• **Data**:
+++++

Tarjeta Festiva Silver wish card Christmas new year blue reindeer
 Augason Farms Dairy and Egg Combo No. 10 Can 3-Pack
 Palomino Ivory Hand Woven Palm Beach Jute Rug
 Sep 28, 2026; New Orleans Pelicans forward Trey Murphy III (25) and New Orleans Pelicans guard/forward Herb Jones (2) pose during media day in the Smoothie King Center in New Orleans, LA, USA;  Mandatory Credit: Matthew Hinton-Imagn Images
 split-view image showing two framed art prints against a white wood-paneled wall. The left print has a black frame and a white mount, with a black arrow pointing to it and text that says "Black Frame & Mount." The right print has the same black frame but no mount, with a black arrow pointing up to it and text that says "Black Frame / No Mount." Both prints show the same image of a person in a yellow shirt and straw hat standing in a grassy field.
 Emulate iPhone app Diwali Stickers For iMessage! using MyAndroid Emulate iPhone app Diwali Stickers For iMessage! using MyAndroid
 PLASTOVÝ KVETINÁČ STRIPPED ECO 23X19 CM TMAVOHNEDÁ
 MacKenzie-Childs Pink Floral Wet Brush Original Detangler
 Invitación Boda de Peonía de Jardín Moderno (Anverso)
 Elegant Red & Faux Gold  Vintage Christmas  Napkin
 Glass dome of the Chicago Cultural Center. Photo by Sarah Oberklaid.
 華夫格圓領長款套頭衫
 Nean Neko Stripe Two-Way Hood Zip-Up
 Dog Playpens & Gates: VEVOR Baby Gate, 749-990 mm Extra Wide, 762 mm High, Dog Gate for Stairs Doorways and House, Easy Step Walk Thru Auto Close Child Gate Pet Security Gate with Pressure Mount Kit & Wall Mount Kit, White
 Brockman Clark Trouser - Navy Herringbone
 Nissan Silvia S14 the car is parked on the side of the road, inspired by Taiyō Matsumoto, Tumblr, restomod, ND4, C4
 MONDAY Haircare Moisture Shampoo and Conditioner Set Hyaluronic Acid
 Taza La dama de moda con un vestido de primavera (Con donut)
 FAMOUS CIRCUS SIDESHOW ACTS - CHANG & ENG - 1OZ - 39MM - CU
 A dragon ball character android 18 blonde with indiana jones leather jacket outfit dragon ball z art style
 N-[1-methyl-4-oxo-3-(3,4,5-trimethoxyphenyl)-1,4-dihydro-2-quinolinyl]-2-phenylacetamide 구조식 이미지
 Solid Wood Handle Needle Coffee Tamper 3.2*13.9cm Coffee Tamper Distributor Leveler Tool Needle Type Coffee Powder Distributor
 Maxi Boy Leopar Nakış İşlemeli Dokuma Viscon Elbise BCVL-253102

+++++

Using the records above, give the count of lines with the word "Christmas", and write nothing more.

2